"""

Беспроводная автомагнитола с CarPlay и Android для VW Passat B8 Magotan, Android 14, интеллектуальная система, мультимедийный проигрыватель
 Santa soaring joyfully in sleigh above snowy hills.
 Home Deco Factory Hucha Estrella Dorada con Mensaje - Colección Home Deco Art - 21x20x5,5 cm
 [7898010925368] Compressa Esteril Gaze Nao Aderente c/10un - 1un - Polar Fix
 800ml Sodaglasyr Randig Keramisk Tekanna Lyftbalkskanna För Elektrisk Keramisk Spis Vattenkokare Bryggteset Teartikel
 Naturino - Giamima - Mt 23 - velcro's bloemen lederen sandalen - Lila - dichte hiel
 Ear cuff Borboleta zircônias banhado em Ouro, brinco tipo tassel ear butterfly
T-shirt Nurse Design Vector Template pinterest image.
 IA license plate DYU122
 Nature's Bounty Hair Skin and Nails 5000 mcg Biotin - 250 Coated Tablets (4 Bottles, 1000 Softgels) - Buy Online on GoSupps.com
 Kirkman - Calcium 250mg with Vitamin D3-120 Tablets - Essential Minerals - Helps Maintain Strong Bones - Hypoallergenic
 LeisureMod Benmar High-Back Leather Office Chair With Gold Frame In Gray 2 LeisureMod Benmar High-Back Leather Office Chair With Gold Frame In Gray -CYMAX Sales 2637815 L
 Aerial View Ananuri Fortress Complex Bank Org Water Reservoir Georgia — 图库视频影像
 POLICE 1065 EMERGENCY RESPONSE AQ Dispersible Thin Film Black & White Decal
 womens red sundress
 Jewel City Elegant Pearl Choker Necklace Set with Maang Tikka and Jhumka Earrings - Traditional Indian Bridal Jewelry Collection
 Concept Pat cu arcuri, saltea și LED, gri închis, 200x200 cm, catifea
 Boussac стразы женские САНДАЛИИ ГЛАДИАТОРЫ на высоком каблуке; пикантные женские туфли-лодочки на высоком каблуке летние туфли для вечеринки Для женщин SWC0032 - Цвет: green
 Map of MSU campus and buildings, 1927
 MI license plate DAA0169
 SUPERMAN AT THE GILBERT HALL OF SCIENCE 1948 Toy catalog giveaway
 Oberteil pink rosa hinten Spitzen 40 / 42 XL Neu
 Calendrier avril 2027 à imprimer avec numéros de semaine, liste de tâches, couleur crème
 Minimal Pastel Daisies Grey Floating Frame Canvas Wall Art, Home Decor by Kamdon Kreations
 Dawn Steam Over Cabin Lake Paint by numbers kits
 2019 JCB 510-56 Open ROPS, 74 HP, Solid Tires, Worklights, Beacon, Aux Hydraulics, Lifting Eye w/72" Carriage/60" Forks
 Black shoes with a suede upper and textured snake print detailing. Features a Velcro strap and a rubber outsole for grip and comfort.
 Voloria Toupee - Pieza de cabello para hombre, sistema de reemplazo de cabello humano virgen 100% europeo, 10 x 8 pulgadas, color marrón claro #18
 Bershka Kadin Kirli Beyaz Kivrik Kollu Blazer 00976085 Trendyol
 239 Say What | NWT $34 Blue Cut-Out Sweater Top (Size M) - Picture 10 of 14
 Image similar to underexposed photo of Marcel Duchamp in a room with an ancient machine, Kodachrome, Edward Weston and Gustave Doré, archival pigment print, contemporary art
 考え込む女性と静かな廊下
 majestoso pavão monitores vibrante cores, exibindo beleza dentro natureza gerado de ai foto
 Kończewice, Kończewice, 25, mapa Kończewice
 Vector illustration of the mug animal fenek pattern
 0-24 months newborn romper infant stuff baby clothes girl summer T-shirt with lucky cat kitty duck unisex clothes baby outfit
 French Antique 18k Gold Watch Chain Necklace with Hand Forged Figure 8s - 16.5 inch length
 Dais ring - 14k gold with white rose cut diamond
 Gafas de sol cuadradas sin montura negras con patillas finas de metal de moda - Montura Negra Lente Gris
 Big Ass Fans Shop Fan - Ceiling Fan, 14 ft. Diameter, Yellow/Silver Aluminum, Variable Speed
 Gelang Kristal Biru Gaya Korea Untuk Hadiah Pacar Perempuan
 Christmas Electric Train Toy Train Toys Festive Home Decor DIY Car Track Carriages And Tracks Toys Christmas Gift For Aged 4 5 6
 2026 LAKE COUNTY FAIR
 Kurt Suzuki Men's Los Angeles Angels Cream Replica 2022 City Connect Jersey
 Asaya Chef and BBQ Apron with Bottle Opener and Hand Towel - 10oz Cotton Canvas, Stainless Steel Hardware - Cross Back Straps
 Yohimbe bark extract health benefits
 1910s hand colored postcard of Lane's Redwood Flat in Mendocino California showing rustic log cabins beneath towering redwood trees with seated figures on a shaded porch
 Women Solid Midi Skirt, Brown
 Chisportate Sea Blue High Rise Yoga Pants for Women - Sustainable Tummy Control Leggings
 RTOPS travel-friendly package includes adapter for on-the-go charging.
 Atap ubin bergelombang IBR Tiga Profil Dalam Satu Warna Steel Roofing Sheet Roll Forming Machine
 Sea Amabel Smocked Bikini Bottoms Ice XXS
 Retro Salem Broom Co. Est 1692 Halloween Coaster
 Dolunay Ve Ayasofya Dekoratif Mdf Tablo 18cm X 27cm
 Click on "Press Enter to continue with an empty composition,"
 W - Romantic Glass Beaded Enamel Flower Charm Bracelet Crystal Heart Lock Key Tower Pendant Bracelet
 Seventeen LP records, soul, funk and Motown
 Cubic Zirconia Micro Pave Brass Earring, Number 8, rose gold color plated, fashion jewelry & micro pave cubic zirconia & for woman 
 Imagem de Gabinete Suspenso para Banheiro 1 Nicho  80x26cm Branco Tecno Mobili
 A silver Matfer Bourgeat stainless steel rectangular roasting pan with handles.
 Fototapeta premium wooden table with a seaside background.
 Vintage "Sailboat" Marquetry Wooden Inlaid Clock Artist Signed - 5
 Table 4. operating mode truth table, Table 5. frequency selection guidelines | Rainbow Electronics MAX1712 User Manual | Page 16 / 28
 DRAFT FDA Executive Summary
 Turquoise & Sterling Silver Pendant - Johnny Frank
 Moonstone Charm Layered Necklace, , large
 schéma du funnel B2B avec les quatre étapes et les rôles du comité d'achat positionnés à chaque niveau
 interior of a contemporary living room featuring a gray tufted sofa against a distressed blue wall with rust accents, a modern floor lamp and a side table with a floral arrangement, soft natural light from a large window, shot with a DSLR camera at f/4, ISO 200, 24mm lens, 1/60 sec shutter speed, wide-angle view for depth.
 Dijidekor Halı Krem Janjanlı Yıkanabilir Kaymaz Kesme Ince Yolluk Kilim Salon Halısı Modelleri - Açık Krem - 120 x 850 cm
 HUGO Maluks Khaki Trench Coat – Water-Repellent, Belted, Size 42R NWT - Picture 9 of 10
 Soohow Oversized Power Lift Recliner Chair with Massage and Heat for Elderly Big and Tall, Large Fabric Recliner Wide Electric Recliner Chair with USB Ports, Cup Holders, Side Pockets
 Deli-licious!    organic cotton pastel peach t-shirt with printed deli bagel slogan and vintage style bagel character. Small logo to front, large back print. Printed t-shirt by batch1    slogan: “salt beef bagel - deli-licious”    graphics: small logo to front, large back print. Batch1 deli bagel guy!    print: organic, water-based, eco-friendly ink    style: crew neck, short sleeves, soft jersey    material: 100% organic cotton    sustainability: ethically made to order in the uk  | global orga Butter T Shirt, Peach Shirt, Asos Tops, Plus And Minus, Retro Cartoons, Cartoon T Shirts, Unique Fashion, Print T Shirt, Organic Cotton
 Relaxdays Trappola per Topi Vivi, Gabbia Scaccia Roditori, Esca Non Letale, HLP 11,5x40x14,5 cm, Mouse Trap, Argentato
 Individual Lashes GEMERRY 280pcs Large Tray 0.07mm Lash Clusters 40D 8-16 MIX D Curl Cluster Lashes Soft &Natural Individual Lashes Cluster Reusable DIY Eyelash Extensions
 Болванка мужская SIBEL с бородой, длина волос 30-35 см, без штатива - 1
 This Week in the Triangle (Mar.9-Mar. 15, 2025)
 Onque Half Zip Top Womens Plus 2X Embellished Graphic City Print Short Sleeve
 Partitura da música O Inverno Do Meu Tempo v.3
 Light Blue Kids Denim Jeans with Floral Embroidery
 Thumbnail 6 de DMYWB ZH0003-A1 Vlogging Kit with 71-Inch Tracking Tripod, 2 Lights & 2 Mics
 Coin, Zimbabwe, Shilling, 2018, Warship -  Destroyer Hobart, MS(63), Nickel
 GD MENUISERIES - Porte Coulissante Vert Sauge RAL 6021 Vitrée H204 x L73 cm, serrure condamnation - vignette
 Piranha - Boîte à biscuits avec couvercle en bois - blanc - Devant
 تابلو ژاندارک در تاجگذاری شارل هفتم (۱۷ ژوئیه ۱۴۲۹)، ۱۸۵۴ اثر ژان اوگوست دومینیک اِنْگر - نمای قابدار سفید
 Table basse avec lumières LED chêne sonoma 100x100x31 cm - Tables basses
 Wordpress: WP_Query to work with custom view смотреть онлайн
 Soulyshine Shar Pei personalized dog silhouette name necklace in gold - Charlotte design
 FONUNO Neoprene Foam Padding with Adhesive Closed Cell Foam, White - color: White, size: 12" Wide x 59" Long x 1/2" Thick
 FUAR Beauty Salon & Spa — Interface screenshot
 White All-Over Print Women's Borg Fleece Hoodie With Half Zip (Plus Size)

"""

▶ **What this task involves**: What lines in the records above include the string "Pendant"? Copy each one.

▶ **Response to the task**:
 W - Romantic Glass Beaded Enamel Flower Charm Bracelet Crystal Heart Lock Key Tower Pendant Bracelet
 Turquoise & Sterling Silver Pendant - Johnny Frank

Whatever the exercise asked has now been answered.